„Jest nie do pobicia”. Fenomenalny transfer FC Barcelony

2024-10-02 00:22:09; Aktualizacja: 1 godzina temu
„Jest nie do pobicia”. Fenomenalny transfer FC Barcelony Fot. Sergio Ruiz/Imago/pressinphoto/SIPA USA/PressFocus
Paweł Hanejko
Paweł Hanejko Źródło: Miquel Blázquez

FC Barcelona wygrała z BSC Young Boys w stosunku 5-0. To pierwszy triumf wicemistrza Hiszpanii w tej edycji Ligi Mistrzów, a duży wkład w sukces miał autor dwóch bramek, czyli Robert Lewandowski. Dodatkowo na wyróżnienie zasługuje również Iñigo Martínez. Pod dużym wrażeniem postawy stopera był hiszpański dziennikarz, Miquel Blázquez.

FC Barcelona w miniony weekend poniosła pierwszą porażkę w LaLidze. Hansi Fick dokonał sporych rotacji w składzie i mocno się przeliczył, bo jego drużyna nie była w stanie poradzić sobie na wyjeździe z Osasuną. Drużyna z Pampeluny wygrała 4-2.

Pojawiły się obawy, jak piłkarze wicemistrza Hiszpanii zareagują na tę wpadkę. Czasu na jej rozpamiętywanie nie było zbyt wiele, ponieważ już we wtorek mierzyli się na własnym stadionie z BSC Young Boys w ramach Ligi Mistrzów.

Podopieczni niemieckiego trenera stanęli na wysokości zadania, pokonując Szwajcarów w stosunku 5-0. Dwa gole strzelił Robert Lewandowski, a jedno z trafień to zasługa Iñigo Martíneza. Dla 33-latka to pierwsza bramka od początku pobytu w stolicy Katalonii.

Pod batutą Hansiego Flicka ogromne wrażenie robi to, jaką metamorfozę przeszedł Bask. Jeszcze kilka tygodni temu był na wylocie z drużyny, ale wtedy trener wziął go w obronę, za co piłkarz odpłaca mu się bardzo dobrymi występami.

Niezwykle pozytywnie na temat tego piłkarza wypowiedział się hiszpański dziennikarz, Miquel Blázquez.

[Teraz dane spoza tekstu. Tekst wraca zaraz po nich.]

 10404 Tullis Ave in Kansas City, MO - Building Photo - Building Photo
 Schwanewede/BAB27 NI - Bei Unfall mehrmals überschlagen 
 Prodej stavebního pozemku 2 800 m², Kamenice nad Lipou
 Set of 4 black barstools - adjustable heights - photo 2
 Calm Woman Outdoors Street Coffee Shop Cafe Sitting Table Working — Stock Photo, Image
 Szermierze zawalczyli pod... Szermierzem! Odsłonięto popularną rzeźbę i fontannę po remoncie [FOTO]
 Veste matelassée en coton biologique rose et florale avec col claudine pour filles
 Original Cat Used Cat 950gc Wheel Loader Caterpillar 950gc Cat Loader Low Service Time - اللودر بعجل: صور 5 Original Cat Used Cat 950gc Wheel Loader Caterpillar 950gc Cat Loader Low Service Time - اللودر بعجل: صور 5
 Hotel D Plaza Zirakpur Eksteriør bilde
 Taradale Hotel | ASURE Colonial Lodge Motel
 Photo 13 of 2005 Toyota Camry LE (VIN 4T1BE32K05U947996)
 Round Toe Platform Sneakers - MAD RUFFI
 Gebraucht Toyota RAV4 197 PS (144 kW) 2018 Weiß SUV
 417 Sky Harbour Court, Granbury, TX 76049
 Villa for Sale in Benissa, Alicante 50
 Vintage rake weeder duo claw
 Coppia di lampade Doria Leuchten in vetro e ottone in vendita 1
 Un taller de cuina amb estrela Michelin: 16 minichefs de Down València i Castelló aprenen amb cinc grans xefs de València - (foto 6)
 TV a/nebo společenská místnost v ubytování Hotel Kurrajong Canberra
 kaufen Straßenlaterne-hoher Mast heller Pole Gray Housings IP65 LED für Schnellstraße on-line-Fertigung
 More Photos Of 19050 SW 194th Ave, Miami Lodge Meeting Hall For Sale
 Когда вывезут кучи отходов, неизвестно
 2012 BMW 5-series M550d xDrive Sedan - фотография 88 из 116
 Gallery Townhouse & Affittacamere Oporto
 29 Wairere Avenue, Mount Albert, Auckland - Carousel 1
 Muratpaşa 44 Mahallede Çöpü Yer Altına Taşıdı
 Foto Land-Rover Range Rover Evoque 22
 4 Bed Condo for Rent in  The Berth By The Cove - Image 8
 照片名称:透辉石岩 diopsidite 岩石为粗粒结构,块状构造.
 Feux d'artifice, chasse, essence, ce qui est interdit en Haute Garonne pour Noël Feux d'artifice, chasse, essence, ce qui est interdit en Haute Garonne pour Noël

Stwierdził on, że stosunek jakości do ceny, jaką musiała w tym przypadku zapłacić Barcelona, jest niesamowity.

„Bez wielkiego hałasu, bez biegania w ekscentryczny sposób, z dużą ilością mrówczej roboty, aby udowodnić, że może być ważny i grać w FC Barcelonie. Biorąc pod uwagę nastawienie i umiejętności, Iñigo Martínez jest nie do pobicia” - napisał.